陸自幹部も驚いた、ヤバすぎる「自衛隊の闇組織」の実態

深刻な外交問題を引き起こしうる危機
石井 暁 プロフィール

防衛省・自衛隊の暴挙

これまで部隊同士の連携がなかった陸海空3自衛隊のヒューミント(人を媒介とした諜報活動、人的情報集活動のこと)部隊を、防衛省情報本部が一元管理する仕組みに防衛省が改めようとしているのだ。

ここで注目すべきは、この3自衛隊のヒューミント部隊の中核をなすのが、首相、防衛相も存在を知らされず、文民統制(シビリアン・コントロール)を逸脱している非公然部隊「別班」である、という点だ。

「国民にも、国にも『別班など過去も現在も存在しない』と言う説明を繰り返していればいいんだ」という防衛省・自衛隊の一種の開き直り、暴挙とも捉えることができる。到底看過できるものではない。

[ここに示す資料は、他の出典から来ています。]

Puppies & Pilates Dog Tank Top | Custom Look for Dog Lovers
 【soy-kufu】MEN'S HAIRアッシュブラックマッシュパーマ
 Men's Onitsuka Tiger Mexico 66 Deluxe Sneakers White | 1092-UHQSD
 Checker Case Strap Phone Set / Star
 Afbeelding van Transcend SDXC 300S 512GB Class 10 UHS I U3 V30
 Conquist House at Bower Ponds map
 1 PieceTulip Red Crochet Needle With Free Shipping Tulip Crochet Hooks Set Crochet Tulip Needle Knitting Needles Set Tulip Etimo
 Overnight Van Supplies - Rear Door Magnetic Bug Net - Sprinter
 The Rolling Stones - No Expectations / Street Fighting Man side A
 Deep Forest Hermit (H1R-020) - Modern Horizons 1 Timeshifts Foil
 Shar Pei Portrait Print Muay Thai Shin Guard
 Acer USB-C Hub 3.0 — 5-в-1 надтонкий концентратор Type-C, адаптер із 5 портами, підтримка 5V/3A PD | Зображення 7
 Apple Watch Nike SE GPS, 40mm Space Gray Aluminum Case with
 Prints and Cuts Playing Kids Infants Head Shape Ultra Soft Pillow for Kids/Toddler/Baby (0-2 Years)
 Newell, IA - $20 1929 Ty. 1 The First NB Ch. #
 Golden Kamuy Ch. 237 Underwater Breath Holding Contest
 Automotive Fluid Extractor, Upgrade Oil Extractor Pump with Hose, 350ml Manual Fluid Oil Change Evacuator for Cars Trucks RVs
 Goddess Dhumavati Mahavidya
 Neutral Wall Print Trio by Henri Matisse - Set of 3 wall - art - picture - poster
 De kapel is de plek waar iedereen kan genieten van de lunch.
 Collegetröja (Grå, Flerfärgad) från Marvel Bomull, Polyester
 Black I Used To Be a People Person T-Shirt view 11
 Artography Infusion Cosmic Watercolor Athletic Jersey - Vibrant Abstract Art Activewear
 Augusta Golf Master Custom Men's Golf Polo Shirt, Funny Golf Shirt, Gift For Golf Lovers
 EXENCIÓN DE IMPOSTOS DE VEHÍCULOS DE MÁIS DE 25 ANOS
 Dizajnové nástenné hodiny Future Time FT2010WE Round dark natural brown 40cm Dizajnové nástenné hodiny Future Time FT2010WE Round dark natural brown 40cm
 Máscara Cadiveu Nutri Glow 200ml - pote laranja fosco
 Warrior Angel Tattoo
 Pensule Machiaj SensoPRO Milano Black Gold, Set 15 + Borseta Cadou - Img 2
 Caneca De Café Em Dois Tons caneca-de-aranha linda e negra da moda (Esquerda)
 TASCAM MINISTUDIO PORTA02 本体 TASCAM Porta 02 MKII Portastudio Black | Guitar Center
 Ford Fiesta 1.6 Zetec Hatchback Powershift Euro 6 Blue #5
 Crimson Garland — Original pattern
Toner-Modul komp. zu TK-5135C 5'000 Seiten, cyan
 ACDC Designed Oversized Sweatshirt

「別班」をめぐる動きでは、こんな構想もある。それは、陸上幕僚監部が非公然秘密情報部隊「別班」を、陸上自衛隊唯一の特殊部隊である「特殊作戦群」と一体運用する計画を検討していた、という事実だ。

 

この一体運用構想は、自衛隊の海外展開を念頭に、特殊作戦とインテリジェンスを連携させるのが狙いだという。具体的には、国際テロ組織アルカイダの指導者で容疑者のウサマ・ビンラディンをパキスタンで急襲、殺害した米海軍の特殊部隊「SEALS(シールズ)チーム6」を目標としているという証言も得られた。

これは制服組の独走だ

「特殊作戦群」は、

■ 敵地への潜入
■ 攻撃目標の偵察
■ 海外での人質救出
■ 海外の要人暗殺

といった4つの任務を果たすための訓練を極秘裏に重ねてきたものの、その過程で現地の協力者などを使って情報収集するヒューミント能力が決定的に欠けていることが判明した。その結果、「別班」を「特殊作戦群」と一体運用する構想が浮上したのだ。

「別班」と「特殊作戦群」の一体運用構想は、文民統制を逸脱する海外情報活動をしている部隊を使い、憲法が禁じる「海外での武力行使」に踏み込む任務を想定していることから、二重の意味で自衛隊制服組の独走といえよう。

この構想をはじめて知ったとき、「陸上幕僚監部は、別班についてここまで大胆なことを考えていたのか」と驚愕せざるを得なかった。

「特殊作戦群」のメンバーは群長を除き、公式の場では黒色の目出し帽をかぶることが義務づけられている。陸上自衛隊の中でも特別な部隊で、やはり厚い秘密のベールに包まれている。

最後にもう一度繰り返す。「特殊作戦群」の目標は「敵地への潜入」や「海外での要人暗殺」などだが、それと一体運用される(首相や防衛相が「知らない」という)「別班員」が実行に及んだ場合、どんな深刻な外交問題を引き起こすか……。こうした事態について、元外務省主任分析官で作家の佐藤優氏は、「文明的な民主主義国家では考えられない。まさに日本のインテリジェンスの恥」と指摘している。

自衛隊が真に世界に誇りうる、民主主義国家の実力組織になるためにも、「別班」の存在を国が認めるとともに、国が正式に認めた正しい組織をつくるべきだろう。